Last night, I went to Sanderson Jones’ regular new monthly comedy night All Your Internet Are Belong to Us.
It was billed as “a night of digital comedy – a night of comedy that is either about the web or is tech-enabled”.
And, indeed, the audience seemed to include an unusually high proportion of computer programmers, GIF-creators and the like.
One of the acts had had to bow out due to other commitments and had been replaced by Lou Sanders.
She had not had time to prepare a suitably geeky routine so decided, in an utterly incomprehensible moment of insanity to go completely OTT.
She started – started, mark you – by eating a capful of ground cinnamon. As she pointed out, this Cinnamon Challenge has reportedly killed some teenagers who tried it. The result on Lou was almost instantaneous, involved a lot of falling on the floor and, good as my iPhone is and not being in the front row, I was unable to catch one of the exact moments when Lou, on all-fours, puked up some foul brown concoction.
She followed this by reminding the audience that, if you mix Mentos and Diet Coca Cola in a bottle, the result is said to be an explosion.
So she was going to see what happened if she put Mentos in her mouth and drank Coca Cola from a bottle.
The result was not quite an explosion.
But was not something you should try at home.
“What am I doing with my life?” Lou then asked the audience, adding: “My mum must be so proud I’m in showbusiness.”
Following the comedic rule of three, she then decided on a third ‘challenge’.
“Does anybody know about the Cracker Challenge?” she asked.
“Usually, I don’t eat wheat or gluten or sugar. I can’t eat wheat, so I’ve just got rice cakes. I’ve a feeling I should have done this one first because, well, you’ve had the explosions. So this will just be a woman of a certain age eating crackers on the stage and passing it off as entertainment…
“I’ve got a degree, you know…” she said as she started to stuff ten large, disc-like rice cakes into her mouth without any water. The result was not pleasant for her; you couldn’t really say it was pleasant for the audience; but you could certainly say it was entertaining.
She continued to speak throughout. What she was saying, I suspect not even she knew.
Lunacy of this high an anarchic level is exactly what is missing from the currently rather tame British comedy circuit and may, with luck, be catching.
Top-of-the-bill comedian Tom Rosenthal somehow successfully managed to follow Lou Sanders’ act, but then gave in and also tried eating cinnamon.

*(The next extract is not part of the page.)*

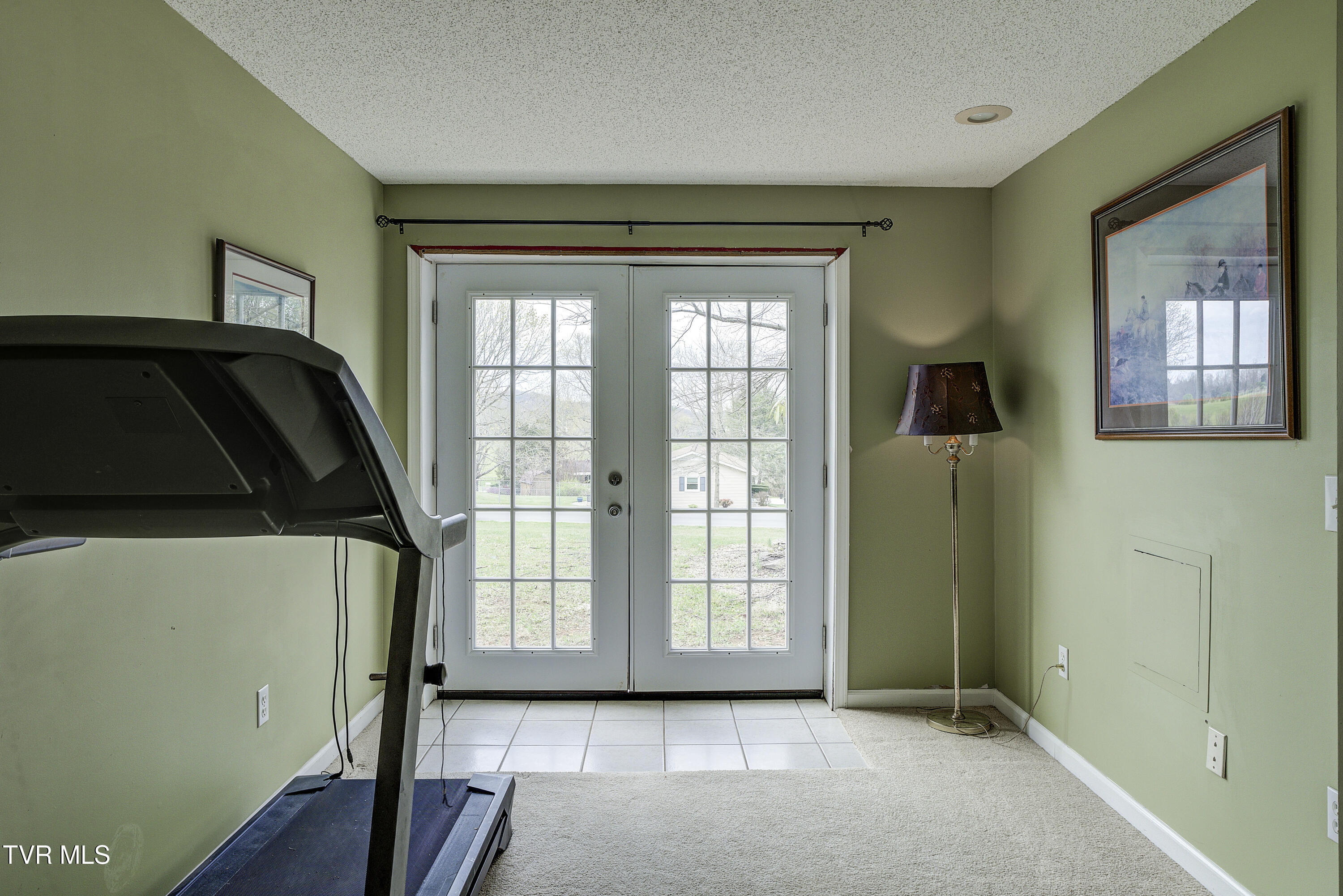 1188 White Top Road Bluff City, TN 37618 - Photo 53 of 76 WhitetopRd--52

The result was much the same as before though without, as far as I could see amid the writhing and falling, any actual vomiting.

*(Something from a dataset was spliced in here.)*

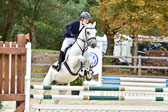 270920---Springen-_052.jpg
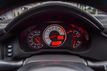 2013 Scion FR-S FR-S 6 SPEED MANUAL - GORGEOUS - WELL EQUIPPED - MUST SEE - 23055768 - 16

The evening was rounded off by Sanderson Jones who, whether intentionally or accidentally, managed to talk himself into a logical corner in which he, too, had to eat a capful of cinnamon.
Inexplicably, Despite a short period of bulging eyes and a somewhat surprised look on his face (his beard may also have had an erection) it seemed to have little effect on him.

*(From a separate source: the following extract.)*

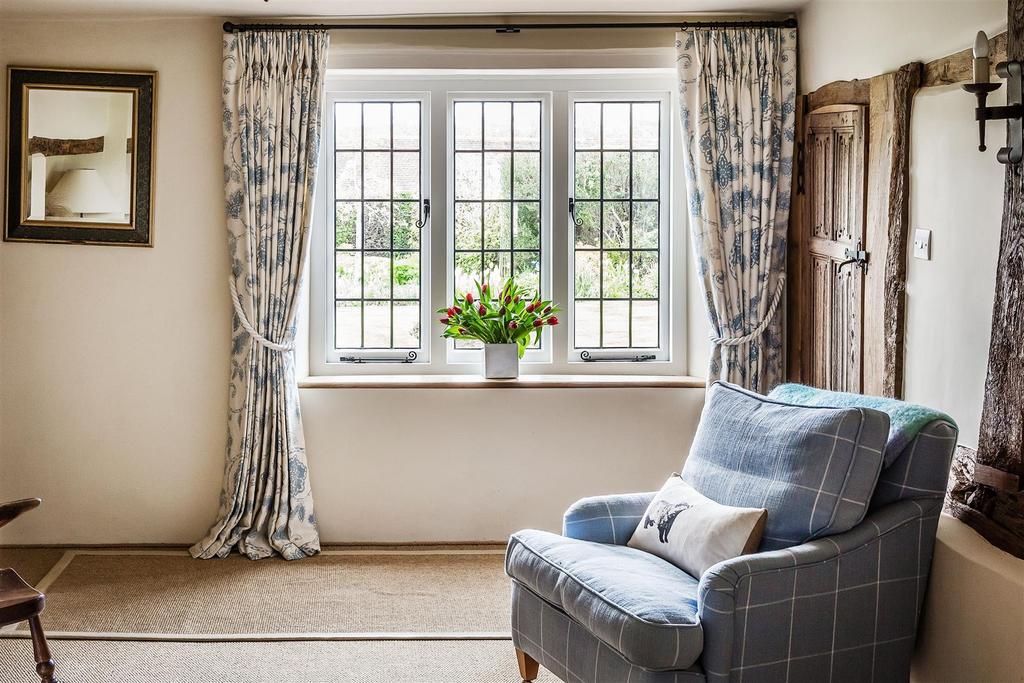 House. partnership Fittleworth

I am rather concerned that the rather scary, inhuman picture of him on his Facebook page may – just as the cover of Abbey Road revealed that Paul McCartney had died – be a subtle message to comedy fans and his family that Sanderson Jones is, in fact, an android.
When I was a researcher on the children’s TV show Tiswas, I twice booked on the show a man who ate worms. He was not a professional act, just a man who liked the limelight and, I presume to a certain extent, liked eating worms. The third time I tried to book him for the show, the person who answered the phone told me he had died.
The three main lessons of yesterday evening are simple.
See Lou Sanders before she dies.
Never get involved in a gross-out contest with her.
And Sanderson Jones is an android.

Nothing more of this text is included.